Task brief
An exact transcript is required of the lines below, from the one containing "Kate 10×6.5ft (3×2m)" through the very last; leave every picture out of it.

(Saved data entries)
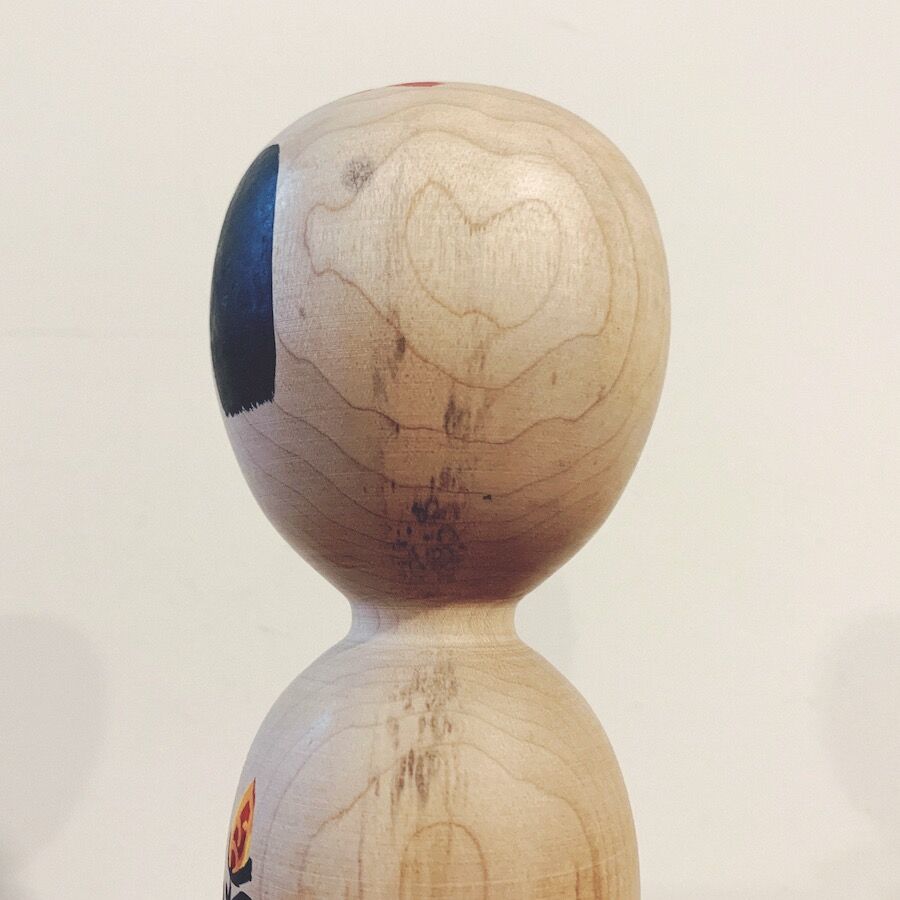 伝統こけし 木地山こけし ⭕️超レアなロクロ線椿花模様50cm超 名工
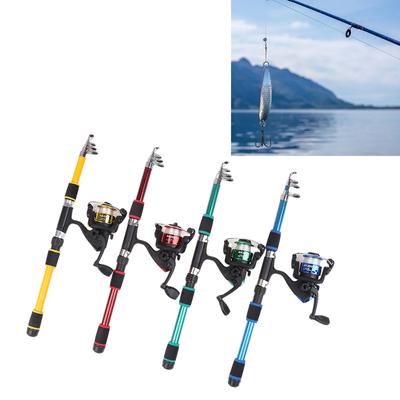 1.8M Telescopic Fishing Rod Spinning Fishing Reel Set Portable Seaing Pole Throwing Rod Remote Fiberglass Gear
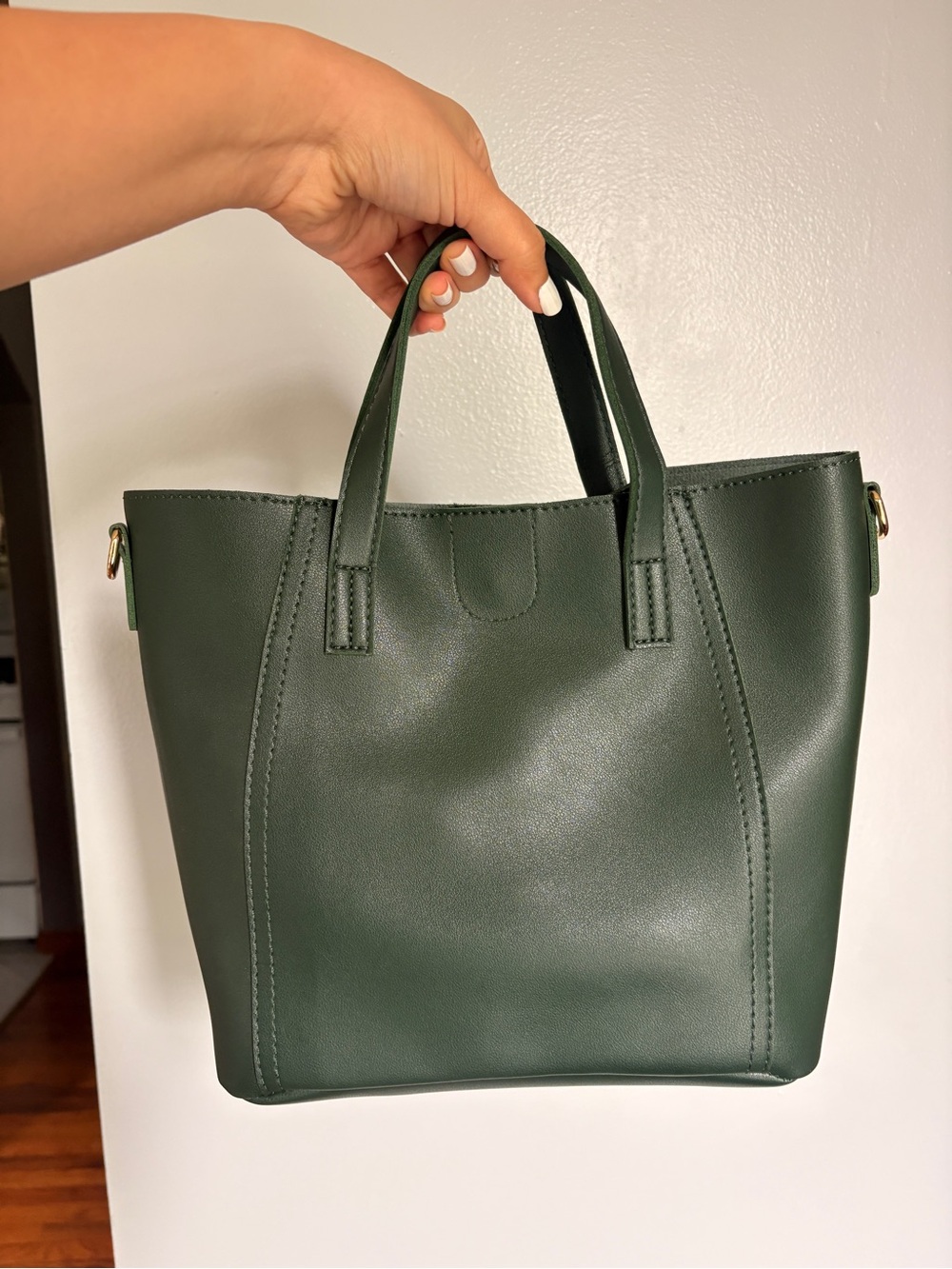 Classic Structured Tote/crossbody Bag - Dark Forest Green
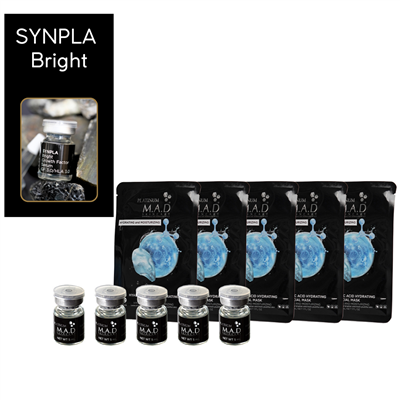 SYNPLA Bright  Growth Factor Serum GF 3.0/HLA 3.0 with a 5 pack of Hyaluronic Sheet Masks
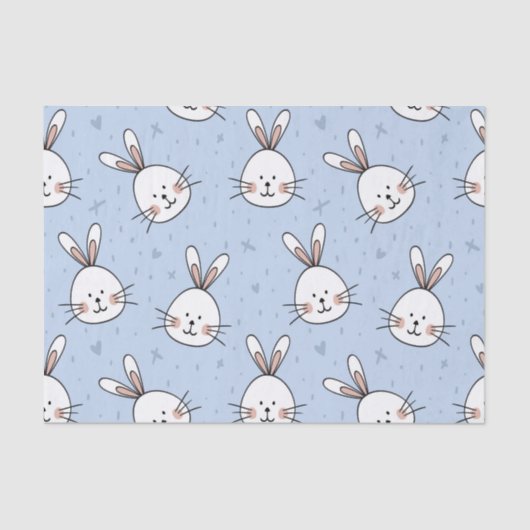 Schattig Bunny Rabbit Pattern Tissuepapier (Voorkant)
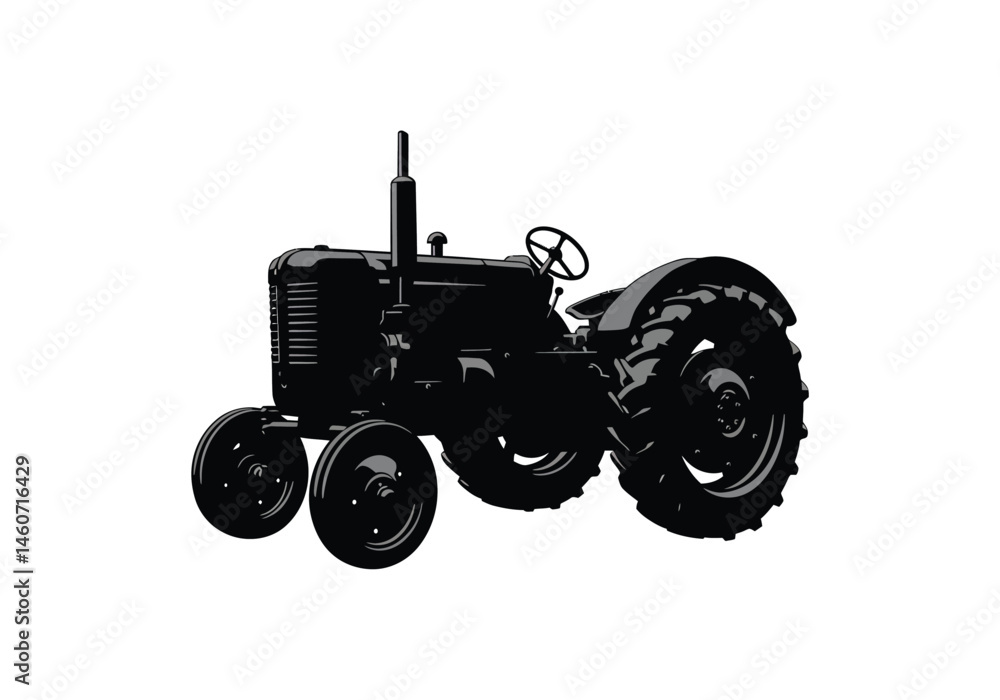 Obraz premium Vintage tractor silhouette. This image features the dark outline of an old-fashioned farming tractor, rugged design, large wheels, and classic agricultural machinery. clipart illustration design.
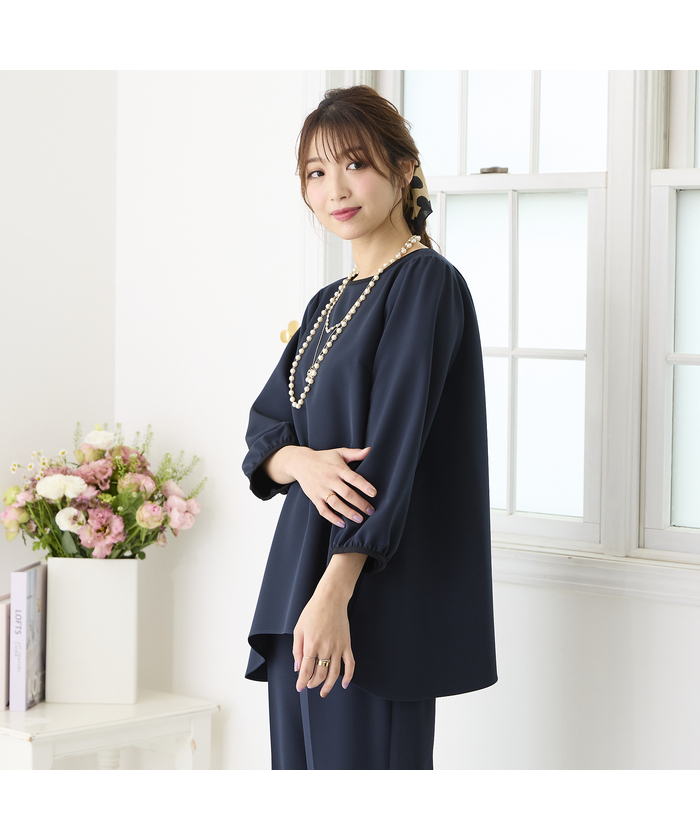 18,700円　ローズティアラ　ダブルクロスAラインブラウス　42 ブルー 18, ローズティアラ ダブルクロスAラインブラウス 42 ブルー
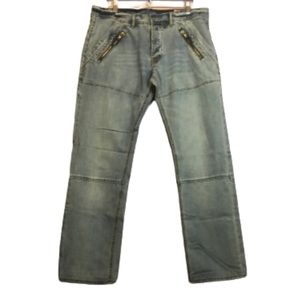 RIFLE MENS LIGHTWASH JEANS• ZIPPER POCKETS • SLIGHTLY DISTRESSED • sz 38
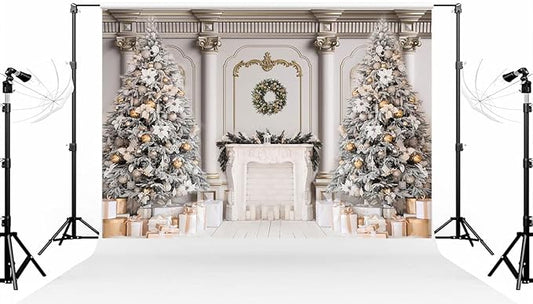 Kate 10×6.5ft (3×2m) Christmas Tree Photo Backdrop Xmas Palace Classic Indoor White Fireplace Gifts Decoration Photography Background for Christmas New Year Photographer Studio Props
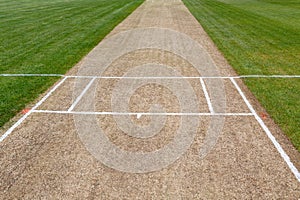 Empty cricket pitch background green grass sport field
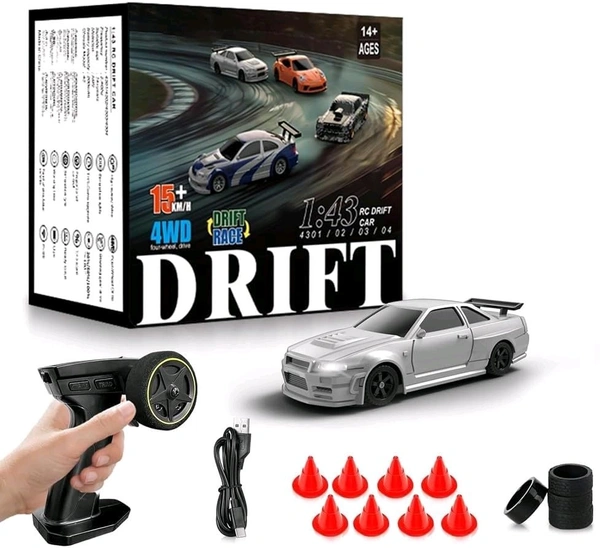 1:43 Scale High-Speed RC Drift Car – 4WD | 15+ KM/H | Full Drift Kit Included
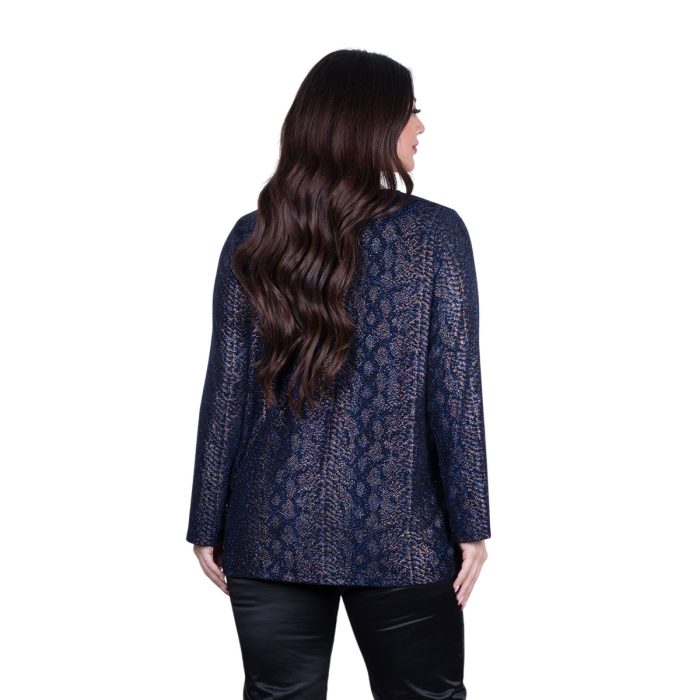 Gomore Γυναικεία Μπλε Μπλούζα Βραδινή Λαμέ Με Ντεκολτέ - GM-36128-BL - Image 4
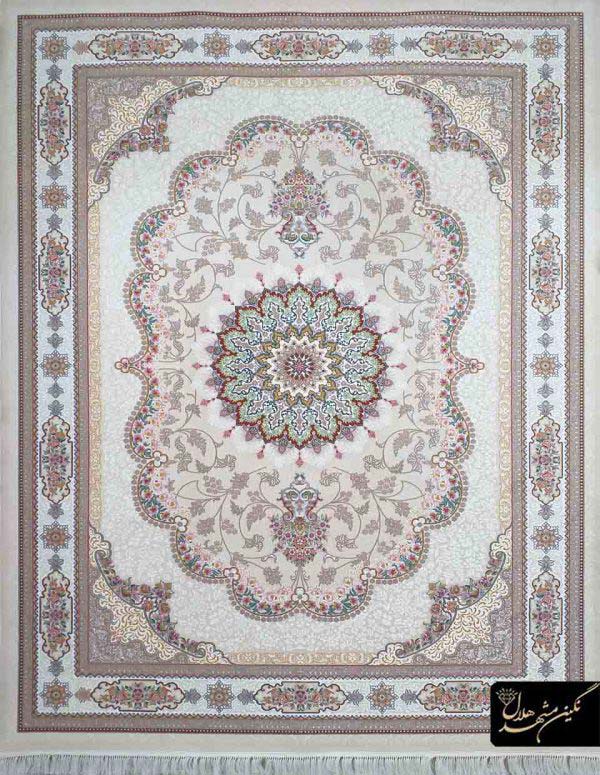 فرش زمینه کرم نگین مشهد هلال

Solution to this task
 Kate 10×6.5ft (3×2m) Christmas Tree Photo Backdrop Xmas Palace Classic Indoor White Fireplace Gifts Decoration Photography Background for Christmas New Year Photographer Studio Props
 Empty cricket pitch background green grass sport field
 1:43 Scale High-Speed RC Drift Car – 4WD | 15+ KM/H | Full Drift Kit Included
 Gomore Γυναικεία Μπλε Μπλούζα Βραδινή Λαμέ Με Ντεκολτέ - GM-36128-BL - Image 4
 فرش زمینه کرم نگین مشهد هلال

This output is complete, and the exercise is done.